Over-reliance on tools without clear ownership

A pipeline is not a substitute for accountability. If nobody owns the findings, they will accumulate. If developers assume the security team will handle everything, fixes will slow down. If release managers assume the tool has already made the decision, important context may be missed.

Each type of finding should have a clear owner and a clear route to resolution. That may be the product team, the engineering team, or a shared security contact, depending on how the business is structured. The important thing is that the responsibility is explicit.

It is also worth agreeing how exceptions are handled. Sometimes a finding cannot be fixed immediately. In that case, the organisation should have a simple way to record the decision, the reason, and the review date. That keeps the process controlled without forcing unrealistic delays.

Treating every finding as equally urgent

Not all findings carry the same level of risk. A low-severity dependency issue is not the same as a hard-coded secret or a serious flaw in a release that handles sensitive customer data. If everything is treated as urgent, teams lose the ability to prioritise.

Good triage is essential. It should consider exploitability, exposure, business impact, and whether there is a practical workaround. This is where human judgement matters. The tool can identify the issue, but the organisation decides what it means in context.

Building a practical operating model around the pipeline

To make automation sustainable, it needs an operating model. That means clear roles, routine review, and a way to track whether issues are being fixed or repeated. Without that, the pipeline may look impressive but deliver little long-term value.

Who reviews findings and when

In a small business, the review process should be simple. Developers should review findings during normal development work. A designated technical lead or release owner should review anything that might affect the release decision. Security support, whether internal or external, should help with triage, tuning, and the more difficult cases.

Timing matters. Fast checks should run early enough to be useful, ideally before code is merged or promoted. Deeper checks can run later, but the business should still know when results will be available. If a test only completes after the release window has closed, it is less useful as a control.

It is also sensible to define what happens when a check fails late in the process.
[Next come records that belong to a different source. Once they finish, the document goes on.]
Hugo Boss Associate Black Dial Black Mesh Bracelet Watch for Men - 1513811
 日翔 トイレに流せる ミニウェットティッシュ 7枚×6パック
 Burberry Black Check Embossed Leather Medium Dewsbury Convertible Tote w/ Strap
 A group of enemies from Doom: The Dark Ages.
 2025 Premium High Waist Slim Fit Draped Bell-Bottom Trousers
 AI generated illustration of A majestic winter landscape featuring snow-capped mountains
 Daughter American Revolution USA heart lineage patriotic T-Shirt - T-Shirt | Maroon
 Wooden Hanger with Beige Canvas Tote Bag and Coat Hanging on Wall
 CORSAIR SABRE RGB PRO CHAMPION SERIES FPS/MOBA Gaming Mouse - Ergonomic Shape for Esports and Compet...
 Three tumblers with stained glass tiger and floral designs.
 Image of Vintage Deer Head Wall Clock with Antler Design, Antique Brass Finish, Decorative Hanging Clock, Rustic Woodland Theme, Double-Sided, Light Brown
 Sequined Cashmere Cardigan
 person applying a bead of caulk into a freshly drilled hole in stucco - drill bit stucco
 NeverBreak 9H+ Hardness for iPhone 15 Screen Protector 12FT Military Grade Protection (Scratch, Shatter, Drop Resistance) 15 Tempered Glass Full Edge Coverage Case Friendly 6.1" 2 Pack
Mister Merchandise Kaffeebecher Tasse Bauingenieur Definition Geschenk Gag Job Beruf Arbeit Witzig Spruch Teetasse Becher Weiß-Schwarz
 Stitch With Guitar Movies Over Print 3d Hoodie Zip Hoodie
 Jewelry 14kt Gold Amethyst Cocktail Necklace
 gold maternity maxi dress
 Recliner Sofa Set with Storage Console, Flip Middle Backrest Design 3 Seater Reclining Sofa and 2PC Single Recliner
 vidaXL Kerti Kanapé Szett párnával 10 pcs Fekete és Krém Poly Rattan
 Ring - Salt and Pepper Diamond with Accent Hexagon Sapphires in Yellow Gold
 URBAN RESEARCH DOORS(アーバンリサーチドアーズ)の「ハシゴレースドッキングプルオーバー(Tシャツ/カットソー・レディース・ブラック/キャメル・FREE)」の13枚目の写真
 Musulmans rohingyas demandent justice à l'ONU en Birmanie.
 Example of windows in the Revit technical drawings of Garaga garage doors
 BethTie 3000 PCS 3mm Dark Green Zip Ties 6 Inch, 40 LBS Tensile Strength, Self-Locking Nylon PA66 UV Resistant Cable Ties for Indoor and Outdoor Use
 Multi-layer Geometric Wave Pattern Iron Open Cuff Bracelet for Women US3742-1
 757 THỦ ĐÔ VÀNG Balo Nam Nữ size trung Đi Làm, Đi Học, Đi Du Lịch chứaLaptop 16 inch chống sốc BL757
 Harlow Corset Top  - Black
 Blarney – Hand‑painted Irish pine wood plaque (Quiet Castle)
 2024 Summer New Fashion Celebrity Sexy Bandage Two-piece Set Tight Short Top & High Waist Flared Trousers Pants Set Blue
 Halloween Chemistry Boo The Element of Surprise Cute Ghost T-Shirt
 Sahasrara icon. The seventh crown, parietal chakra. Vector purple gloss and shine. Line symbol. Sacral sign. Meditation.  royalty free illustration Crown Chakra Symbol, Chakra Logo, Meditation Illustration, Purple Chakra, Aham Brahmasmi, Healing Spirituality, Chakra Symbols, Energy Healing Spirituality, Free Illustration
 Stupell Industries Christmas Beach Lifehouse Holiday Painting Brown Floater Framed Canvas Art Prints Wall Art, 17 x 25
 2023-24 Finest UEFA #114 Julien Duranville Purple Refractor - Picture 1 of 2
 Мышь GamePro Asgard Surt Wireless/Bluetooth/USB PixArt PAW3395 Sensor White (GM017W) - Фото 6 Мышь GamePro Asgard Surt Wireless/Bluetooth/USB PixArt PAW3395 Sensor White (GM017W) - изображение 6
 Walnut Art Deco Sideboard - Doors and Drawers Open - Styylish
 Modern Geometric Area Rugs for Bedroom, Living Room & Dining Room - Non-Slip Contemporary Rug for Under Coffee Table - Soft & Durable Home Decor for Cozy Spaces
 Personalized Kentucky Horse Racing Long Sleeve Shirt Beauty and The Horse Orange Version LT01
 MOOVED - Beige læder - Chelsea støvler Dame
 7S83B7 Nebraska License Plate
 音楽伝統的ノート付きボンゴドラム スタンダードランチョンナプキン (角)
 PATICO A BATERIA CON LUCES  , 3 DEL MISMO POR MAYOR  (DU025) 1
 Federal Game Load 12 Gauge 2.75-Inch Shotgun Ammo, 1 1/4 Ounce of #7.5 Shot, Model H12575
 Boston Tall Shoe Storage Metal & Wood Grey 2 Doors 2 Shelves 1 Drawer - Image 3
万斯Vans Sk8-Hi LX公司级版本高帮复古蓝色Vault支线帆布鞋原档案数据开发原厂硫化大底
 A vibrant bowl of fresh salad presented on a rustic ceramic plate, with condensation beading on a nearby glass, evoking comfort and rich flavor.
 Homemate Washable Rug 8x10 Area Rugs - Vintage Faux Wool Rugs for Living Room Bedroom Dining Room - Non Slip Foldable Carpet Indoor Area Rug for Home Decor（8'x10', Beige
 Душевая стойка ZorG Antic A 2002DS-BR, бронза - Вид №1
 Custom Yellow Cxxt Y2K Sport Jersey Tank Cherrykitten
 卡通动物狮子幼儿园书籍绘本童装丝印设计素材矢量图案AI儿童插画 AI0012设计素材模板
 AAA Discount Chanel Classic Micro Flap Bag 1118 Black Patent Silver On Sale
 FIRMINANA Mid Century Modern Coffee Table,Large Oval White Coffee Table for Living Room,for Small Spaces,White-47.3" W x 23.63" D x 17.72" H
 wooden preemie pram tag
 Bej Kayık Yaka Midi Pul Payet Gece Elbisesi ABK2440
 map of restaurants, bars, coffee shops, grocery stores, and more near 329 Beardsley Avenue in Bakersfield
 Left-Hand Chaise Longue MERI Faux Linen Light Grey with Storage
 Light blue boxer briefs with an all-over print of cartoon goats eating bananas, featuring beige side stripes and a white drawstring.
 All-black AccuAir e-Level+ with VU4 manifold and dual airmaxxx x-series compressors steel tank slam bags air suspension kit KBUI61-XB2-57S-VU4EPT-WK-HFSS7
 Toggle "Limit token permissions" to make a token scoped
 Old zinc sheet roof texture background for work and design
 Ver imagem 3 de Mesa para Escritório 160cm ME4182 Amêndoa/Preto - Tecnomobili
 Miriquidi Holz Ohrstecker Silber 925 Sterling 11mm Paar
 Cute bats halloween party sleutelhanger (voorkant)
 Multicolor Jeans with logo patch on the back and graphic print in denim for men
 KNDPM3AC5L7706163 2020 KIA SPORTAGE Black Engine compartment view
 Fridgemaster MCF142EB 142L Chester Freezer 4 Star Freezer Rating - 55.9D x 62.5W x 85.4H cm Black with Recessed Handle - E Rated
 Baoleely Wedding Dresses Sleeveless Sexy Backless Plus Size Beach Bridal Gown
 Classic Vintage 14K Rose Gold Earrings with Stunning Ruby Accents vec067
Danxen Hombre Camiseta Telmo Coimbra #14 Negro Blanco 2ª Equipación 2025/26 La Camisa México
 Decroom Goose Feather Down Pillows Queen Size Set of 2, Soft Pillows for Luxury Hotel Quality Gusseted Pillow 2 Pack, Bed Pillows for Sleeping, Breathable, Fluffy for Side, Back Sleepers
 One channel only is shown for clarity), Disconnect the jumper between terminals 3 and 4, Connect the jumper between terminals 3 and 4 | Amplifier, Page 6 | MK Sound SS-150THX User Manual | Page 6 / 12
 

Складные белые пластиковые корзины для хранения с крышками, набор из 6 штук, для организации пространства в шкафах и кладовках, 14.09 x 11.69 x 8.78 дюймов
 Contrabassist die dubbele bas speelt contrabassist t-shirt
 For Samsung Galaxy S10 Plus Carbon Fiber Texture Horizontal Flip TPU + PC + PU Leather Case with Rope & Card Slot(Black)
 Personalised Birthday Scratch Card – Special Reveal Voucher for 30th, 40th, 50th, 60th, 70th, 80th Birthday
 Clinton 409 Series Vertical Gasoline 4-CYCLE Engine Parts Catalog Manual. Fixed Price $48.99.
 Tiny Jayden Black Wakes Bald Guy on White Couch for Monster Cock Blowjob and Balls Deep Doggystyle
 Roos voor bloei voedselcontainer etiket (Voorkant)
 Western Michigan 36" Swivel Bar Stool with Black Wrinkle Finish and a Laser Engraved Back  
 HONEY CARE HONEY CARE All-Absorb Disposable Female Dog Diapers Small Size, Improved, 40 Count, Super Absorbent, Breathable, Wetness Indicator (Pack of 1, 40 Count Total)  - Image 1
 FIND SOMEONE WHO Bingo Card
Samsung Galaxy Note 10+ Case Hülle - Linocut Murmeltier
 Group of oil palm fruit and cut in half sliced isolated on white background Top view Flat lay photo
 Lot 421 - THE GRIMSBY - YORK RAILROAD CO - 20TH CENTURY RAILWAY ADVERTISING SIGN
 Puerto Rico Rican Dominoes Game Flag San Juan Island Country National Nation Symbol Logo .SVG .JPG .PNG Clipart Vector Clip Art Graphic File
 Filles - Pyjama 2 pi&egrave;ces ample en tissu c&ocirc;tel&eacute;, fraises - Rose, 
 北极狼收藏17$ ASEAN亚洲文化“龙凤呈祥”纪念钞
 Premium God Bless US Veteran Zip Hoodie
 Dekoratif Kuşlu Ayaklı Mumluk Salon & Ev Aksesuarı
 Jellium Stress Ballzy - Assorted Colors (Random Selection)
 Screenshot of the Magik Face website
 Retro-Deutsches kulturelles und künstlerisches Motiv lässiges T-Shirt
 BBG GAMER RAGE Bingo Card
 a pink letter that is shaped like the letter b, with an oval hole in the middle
The business may choose to pause the release, proceed with an accepted exception, or roll back a change. The right answer depends on the risk and the operational impact.

How to track remediation and repeat issues

Tracking remediation helps the organisation learn from findings rather than just reacting to them. A simple register of issues, owners, target dates, and closure status can be enough for many SMEs. The aim is to see patterns over time.

Repeat issues are especially useful to monitor. If the same type of problem keeps appearing, that suggests a gap in training, design, coding practice, or pipeline tuning. For example, repeated secret exposure may indicate weak developer habits or poor repository controls. Repeated dependency issues may suggest the team needs better package management or update routines.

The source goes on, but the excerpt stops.